*** RECORDS FOR THIS EXERCISE Section Begins ***

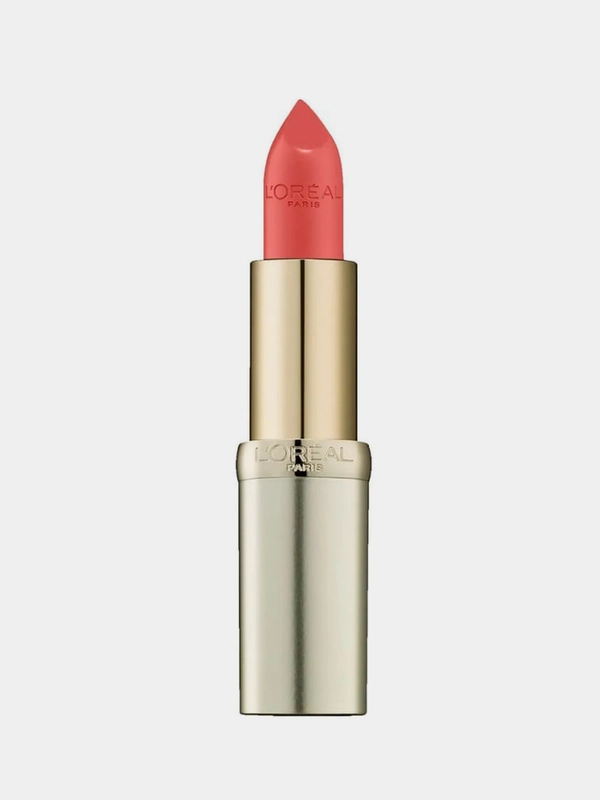 Увлажняющая помада для губ LOreal Paris COLOR RICHE, тон 230, Коралловый показ, 4.3 мл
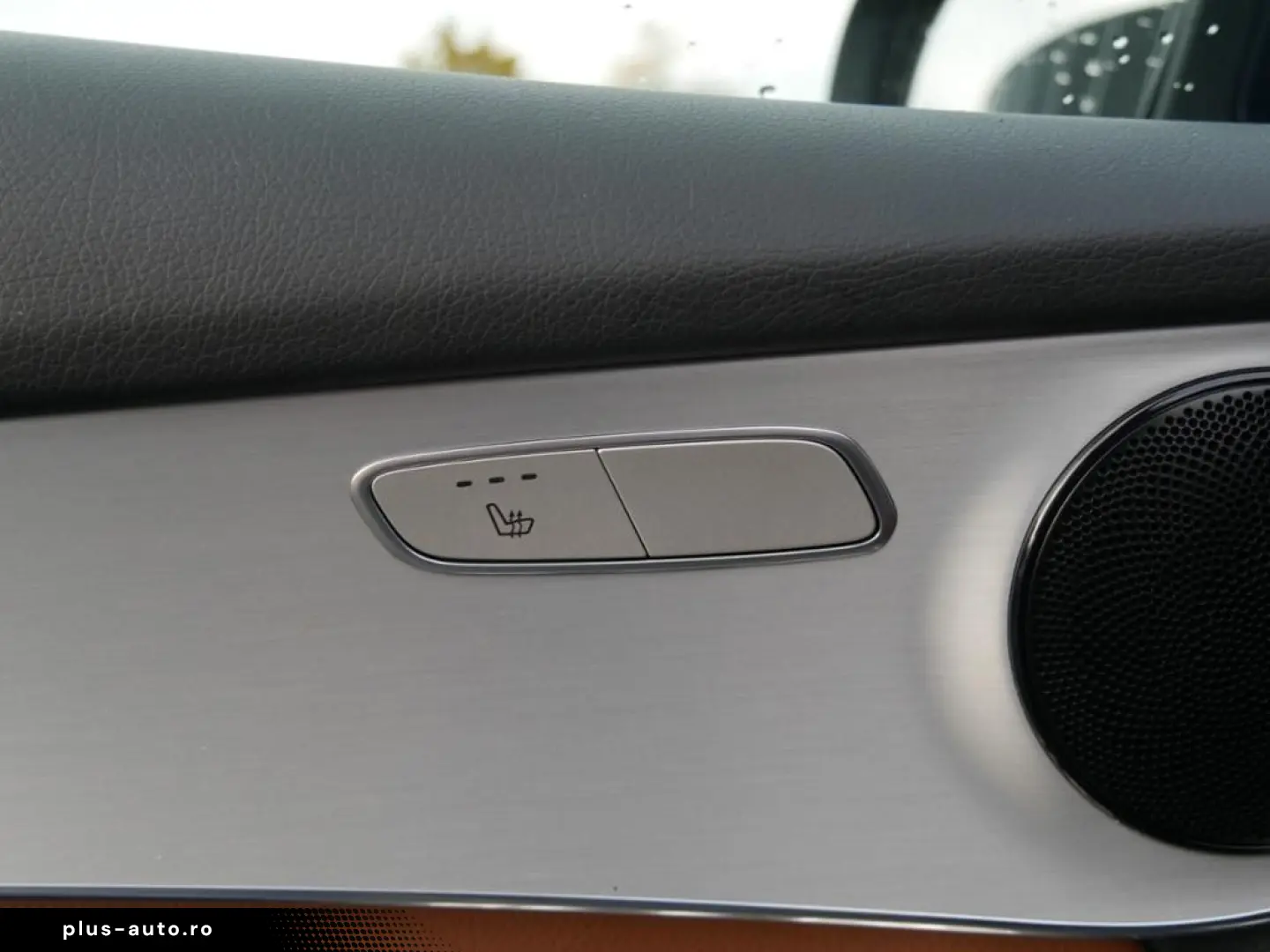 MERCEDES-BENZ GLC 300 e 4M AMG MBUX SHZ TEMP KAM KEY&hellip;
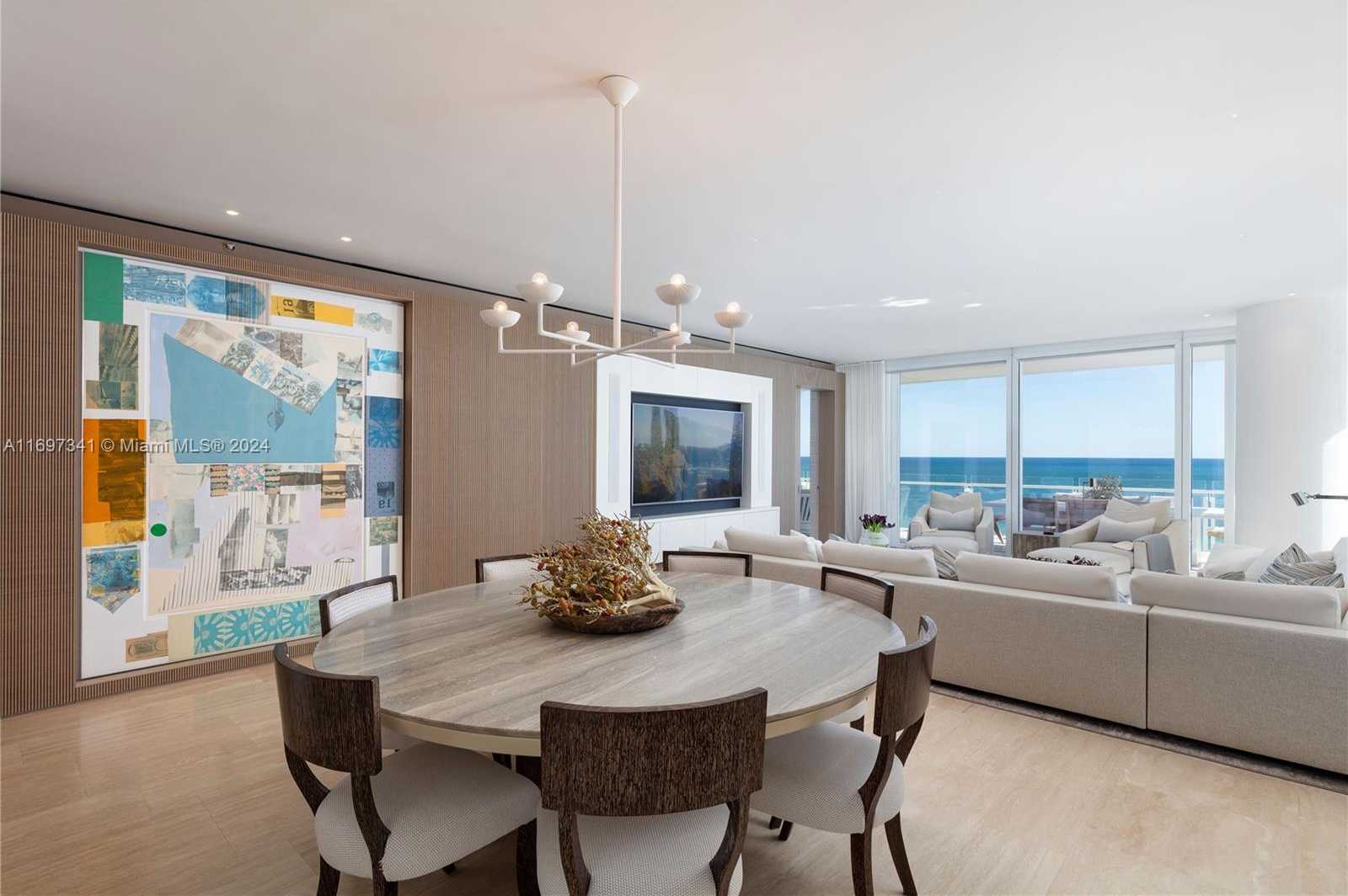 Small Image of 9111 COLLINS AVE #N-719, Surfside Number 12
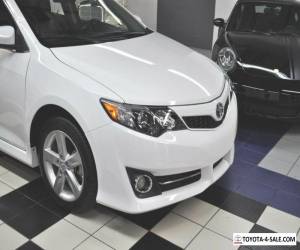 Item 2014 Toyota Camry Sedan L for Sale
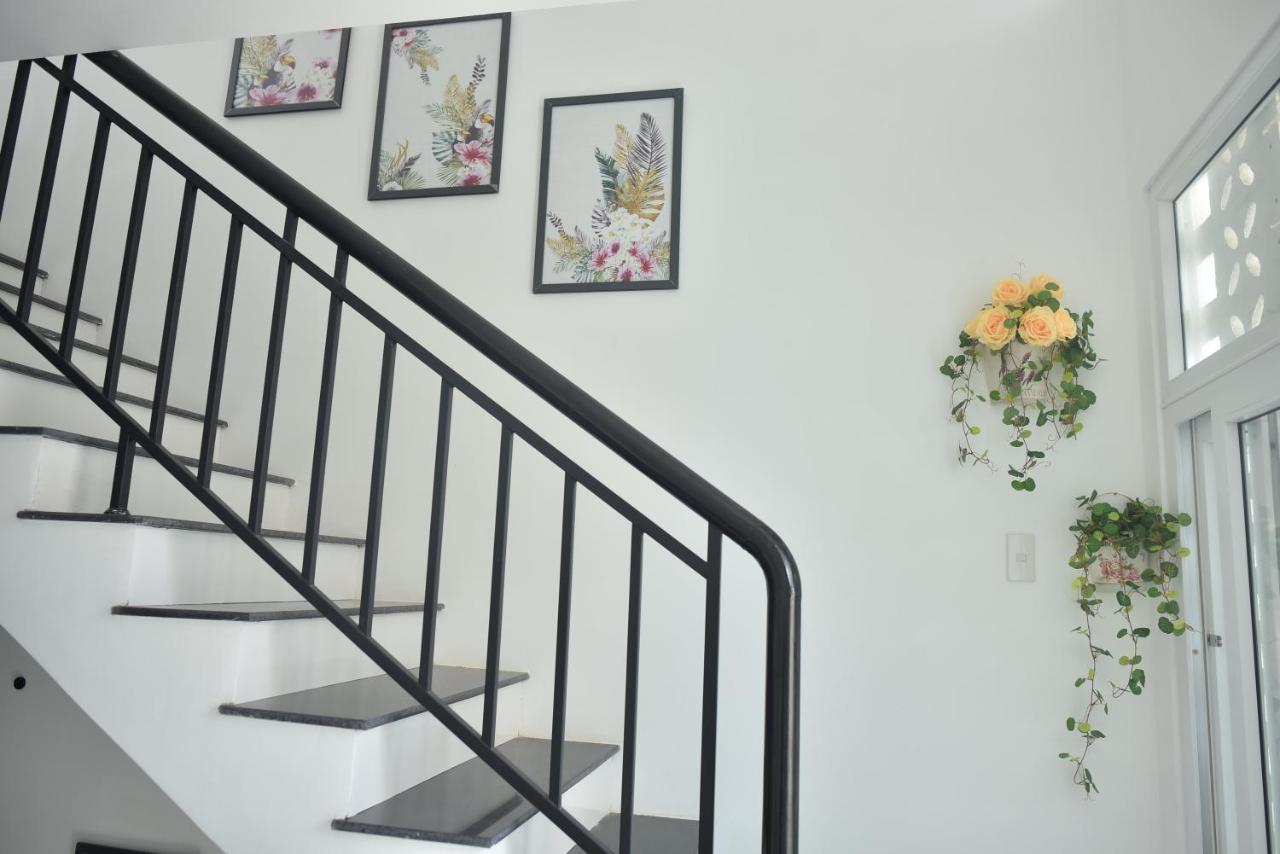 Lovely Homestay フエ エクステリア 写真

*** RECORDS FOR THIS EXERCISE Section Ends ***

TASK
Copy the entries exactly. Leave out the images.

RESPONSE BELOW
 Увлажняющая помада для губ LOreal Paris COLOR RICHE, тон 230, Коралловый показ, 4.3 мл
 MERCEDES-BENZ GLC 300 e 4M AMG MBUX SHZ TEMP KAM KEY&hellip;
 Small Image of 9111 COLLINS AVE #N-719, Surfside Number 12
 Item 2014 Toyota Camry Sedan L for Sale
 Lovely Homestay フエ エクステリア 写真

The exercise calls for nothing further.